Por ahora lo concreto es que la crisis social y económica tiene a Francia en el ojo del huracán y, por default, agudiza un poco más el panorama en Europa, teniendo en cuenta que uno de sus socios principales, abanderado en primera fila de extender la guerra en Ucrania y opositor acérrimo al acuerdo que viene de firmar la presidenta de la Comisión Europea, Úrsula Von der Leyen, con el Mercosur, no logra salir del atolladero.
Muchos se preguntarán cómo llegó Macron a ser reelegido en el 2022. Ya por entonces, los análisis más certeros lo circunscribían a la crisis de representación y a la falta de figuras de peso. Algo que viene afectando a la política (francesa, en este caso) desde aquellas, por demás grises, presidencias de Nicolas Sarkozy y François Hollande.
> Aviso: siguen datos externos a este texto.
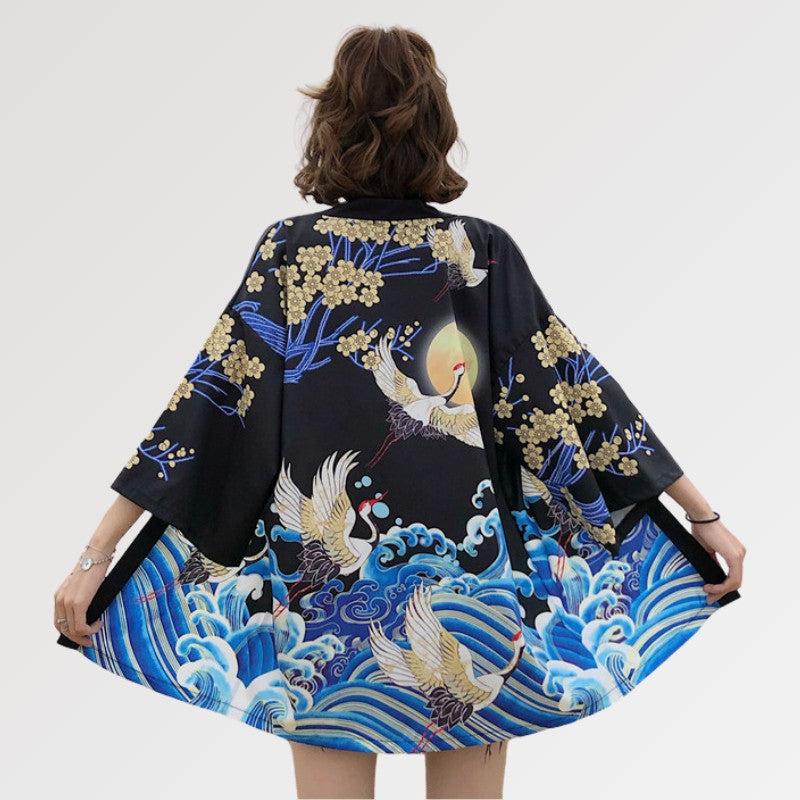 Kimono-Jacke für Damen 'Sanaé' – Nahaufnahme Kimono mit japanischem Motiv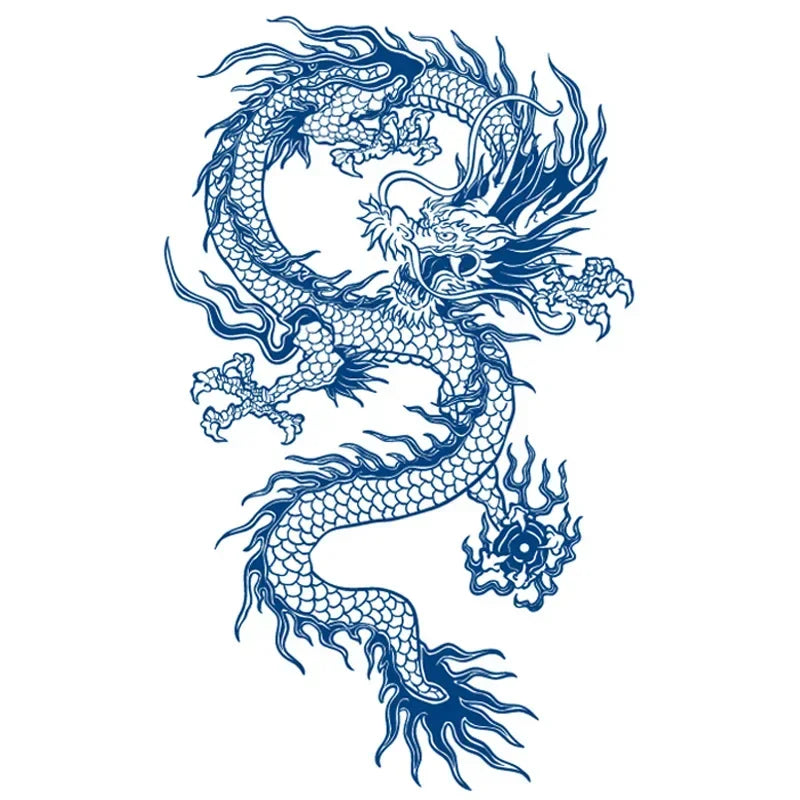Blue Snake Temporary Tattoo Sticker – Waterproof Body Art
Nada nuevo. Hasta aquí, los anticuerpos han logrado frenar el acceso al poder del lepenismo. Convertido en el deporte preferido de los franceses en cada elección. Por lo visto ahora, los tiempos se agotan y la mala praxis, al igual que el avance de la macronitis, se vislumbran como el capítulo local en eso de poseer un sistema político paupérrimo y en franca decadencia hasta ser funcional a los planes de esa ultraderecha que avanza sin cuartel con ansias de conquistar la hegemonía planetaria. En ese caso, se entendería mejor por quién doblan las campanas en Notre-Dame.